Portable electronic devices are being used for increasingly diversified purposes. Typical examples of these devices are mobile phones and computers. The devices carry large amounts of data about the user, and they provide the user with access to various information channels. However, up to the present, the state associated with the movement of the device, or changes in the state, have not been utilized to any larger extent, although they would allow to recognize the user's activity context, which depends on the user's activities related to work or spare time, such as negotiations, travel or leisure activities.
One way of measuring the movement of a mobile device or to determine the user's activity context is to use one or more accelerometers to measure the accelerations of the device in one or more directions.
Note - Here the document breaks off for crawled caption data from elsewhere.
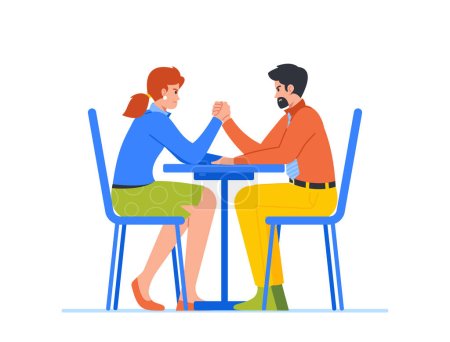 Illustration for Businesswoman And Man Competing In An Arm-wrestling Match, Displaying Strength And Determination. Business Competition, Overcoming Challenges In The Workplace. Cartoon People Vector Illustration - Royalty Free Image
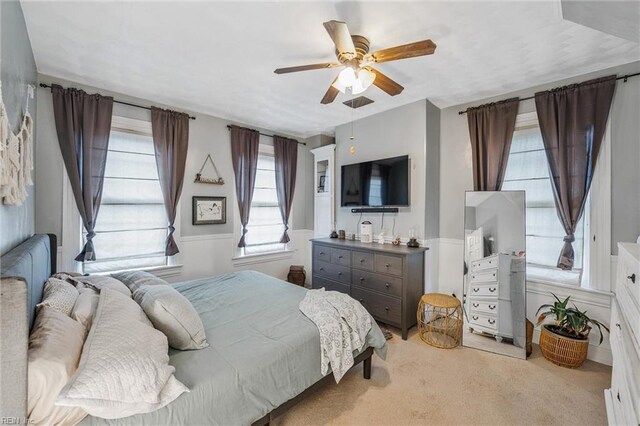 3317 Montana Ave, Norfolk, VA 23513 - bedroom with multiple windows, carpet floors, and ceiling fan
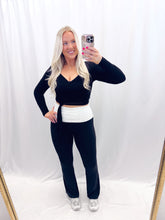 Load image into Gallery viewer, White Polka Dot Foldover Yoga Pants
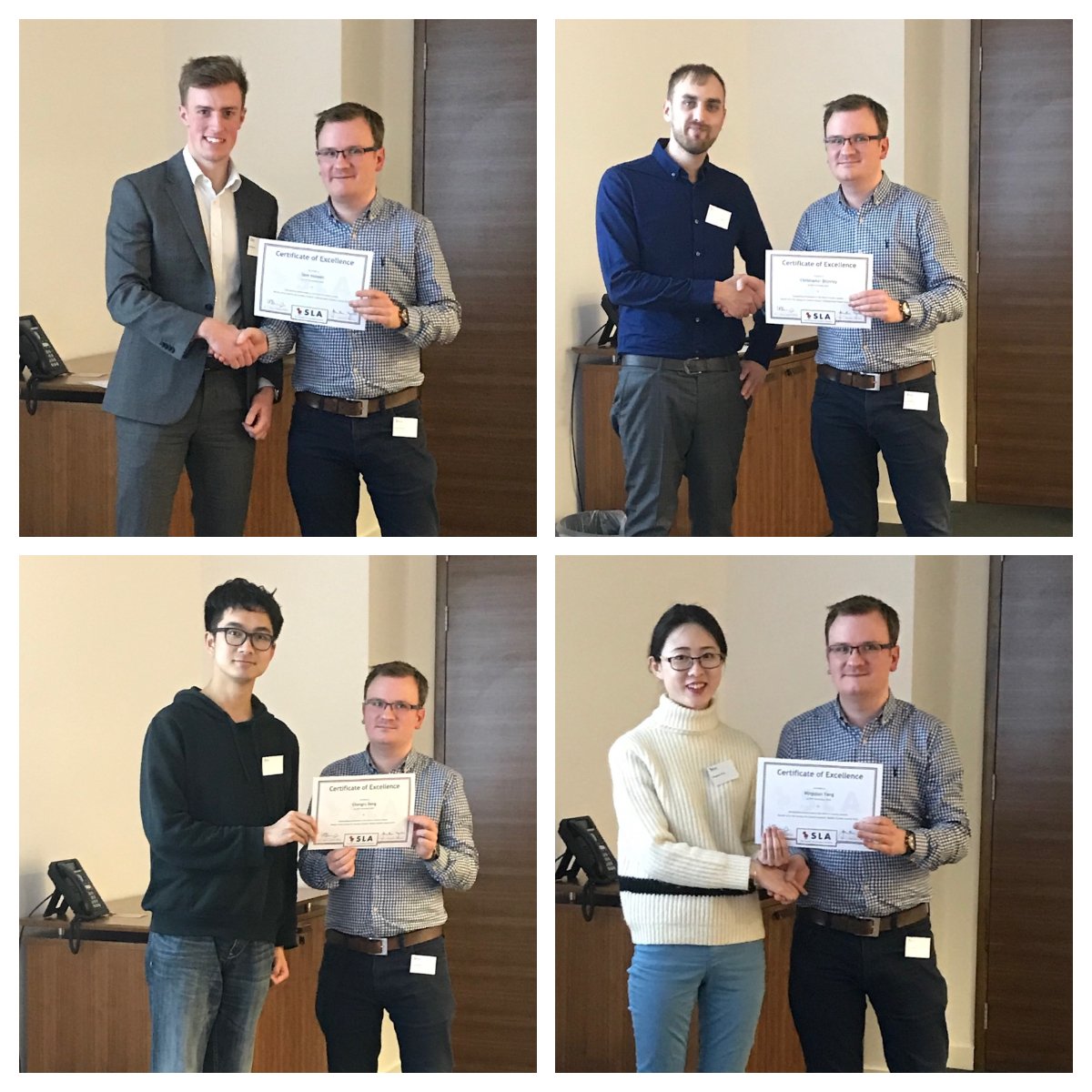 SocLocAnalysis's tweet photo. Congratulations to our 2018 Student Award winners who collected their prizes at a recent event:

Undergraduate winner: @Sam_J_Holmes | Runner-up: @ScottieXgg (both @SoGLeeds)

Masters winner: Chengru Deng (@CASAUCL) | Runner-up: Ningqian Yang (@SoGLeeds)

Presented by: @LP_Burns https://t.co/3BD0RqO1rv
Accelerations parallel to different dimensions vary according to activity context and they are characteristic of each activity context. In principle, it is therefore possible to identify activity contexts on the basis of the acceleration or movement data parallel to the different dimensions. For example, it is possible to try to identify whether the user is walking, running, walking up the stairs, etc. However, a problem involved in this is that the accelerometer signals change when the position of the device changes and therefore it is not possible to know the structural directions of the device to which the accelerations are really acting on. For example, it is not possible to measure the direction of gravity in relation to the axes parallel to the device's structures and, therefore, measurements cannot be used for determining whether the device is in an even approximately correct position, or upside down.
An attempt to solve this problem has been to attach the device always in the same position to the user. This does not, however, solve the problem, but complicates the use of the device. In addition, changes in the user's pose affect the position of the device and thereby change the directions of the accelerations, which makes it more difficult to recognise the direction of gravity in relation to the device.